Sugar & Spice Loaf Cake - The Island Oven

by Elizabeth Atia -

Peat Bog Brownies have taken Shetland by storm! The Island Oven's dense, fudgy, chewy chocolatey awesome brownies have quickly become a very popular bake here in Shetland. When Siân moved to Shetland from London a year ago she had no idea she would end up making a whole range of delicious home bakes for the Mareel cafe in Lerwick, nor that her home bakes would be sold in shops up and down the islands!

I first met Siân at the Shetland Food Fair last November and I knew, when I started writing for A Taste of Shetland, that I wanted to interview her and find out more about her story. So, last week I put down my mountain of Viking cloak sewing and paid her a visit.

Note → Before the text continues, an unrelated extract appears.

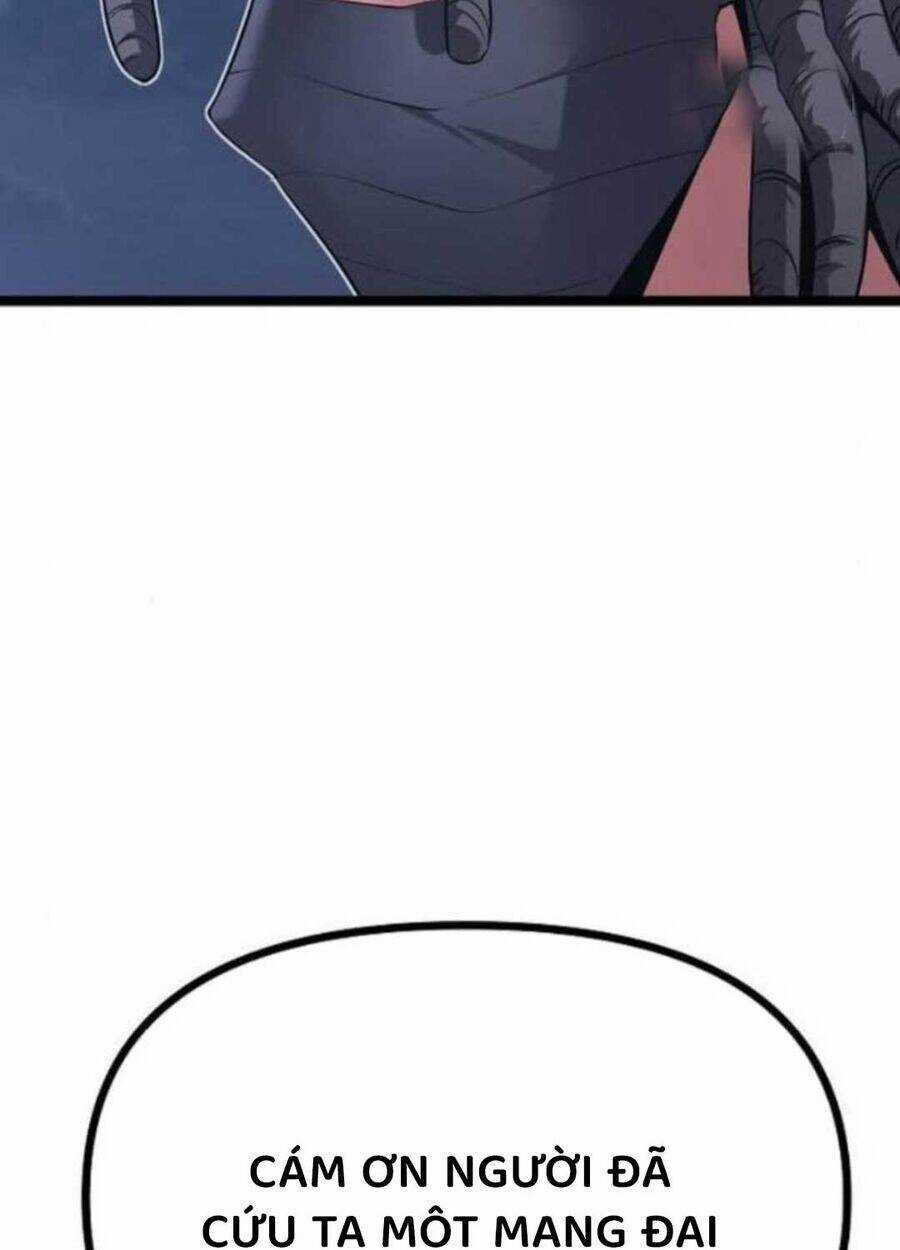 Thông Bách - Chapter 18 - Trang 40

Siân started making brownies when she was studying drama at university in Manchester. She had no previous baking experience except for baking with her mother and grandmother while growing up in Poole, England. She's always loved home baking, she says.

In the Spring of last year, Siân followed her partner up to Shetland, settling in the picturesque village of Reawick, on the west side of Shetland. Siân runs the theatre company Stomping Ground and while she was waiting for her drama work to establish here in Shetland she needed to do something to occupy her time, so she baked.

Siân approached Jay Hawkins of Shetland Cheese Ltd. in Skeld, who runs a small cafe in his Creamery, to see if he might be interested in selling her brownies. He agreed and the Peat Bog Brownie legacy was born! Jay began selling Siân's loaf cakes and brownies and planted the seed in Siân's head that this could become a viable business.

The Island Oven was established soon afterwards.

"Setting up a business like this in Shetland was really easy", Siân says."Shetland has been really supportive of my low-scale small business. Opportunities for being an entrepreneur up here in Shetland are vast, and it helps that people really seem to enjoy cake!"

The Island Oven began supplying the Mareel Cafe, in Lerwick, in July 2013. This was a key moment in establishing her business, Siân says. She's now known as the cake-lady (but secretly wishes she could also be known as the theatre-lady!). The Island Oven now supplies the Shetland Cheese cafe, Sizzle Sisters mobile catering, Robinson & Morrison in Weisdale, Scoop Wholefoods in Lerwick and the Bigton Community Shop on the south mainland. She also welcomes bespoke orders for individual cakes.

All the recipes made by The Island Oven are her own, developed from years of tinkering and baking experience. Her range of Peat Bog Brownies are ever expanding including original, fiery chilli (my personal favourite), Jaffa and salted caramel, as well as a gluten free variety. Local ingredients are always used, when possible. Her loaf cakes are also very popular, from her honey nut, apple crumble and espresso chocolate, and this sugar and spice loaf cake, the recipe for which she is kindly sharing with you all so you can make your own at home!

Sugar & Spice Loaf Cake

Course: Main

Servings: 1 loaf

Prep Time: 15 minutes

Cook Time: 63 minutes

  • Shetland butter - 190 grams (room temperature)
  • Caster sugar - 190 grams
  • Free range eggs - 3
  • Plain flour - 190 grams
  • Ground cinnamon - 2 tsp
  • Ground ginger - 2 tsp
  • Baking powder - 1 tsp
  • Salt - 1/4 tsp
  • Shetland Dairies buttermilk - 1 tbsp
  • Honey - 1.5 tbsp
  • Vanilla extract - 1 tsp
  • Sultanas - 80 grams (optional)
  • Icing sugar - (to sieve, optional)
  1. Preheat oven to 180 °C (Fan oven) and grease or line a 2 lb loaf tin with baking paper.
  2. Cream butter and caster sugar together until light and fluffy. Make sure it is really nice and soft.
  3. Add eggs, one at a time, fully incorporating each one. If the mixture curdles keep going, Siân says it will be fine!
  4. Sift in flour, spices, baking powder and salt. Stir until well combined.
  5. Add buttermilk, honey and vanilla and mix well.
  6. Fold in sultanas, if using, and spoon into prepared loaf tin, smoothing over the top with a spatula.
  7. Bake for 23 minutes, loosely cover with tin foil and bake for a further 40 minutes (this is in Siân's oven - my conventional oven took a further 10 minutes to bake). The top will be golden and a skewer, when inserted, will come out clean.
  8. Transfer to a wire rack to cool and sieve with icing sugar if desired. Eat warm, but leftovers will keep for 4-5 days in an airtight container.

Add chopped nuts if you like, or nutmeg and orange zest for a Christmas taste, replacing the honey with black treacle.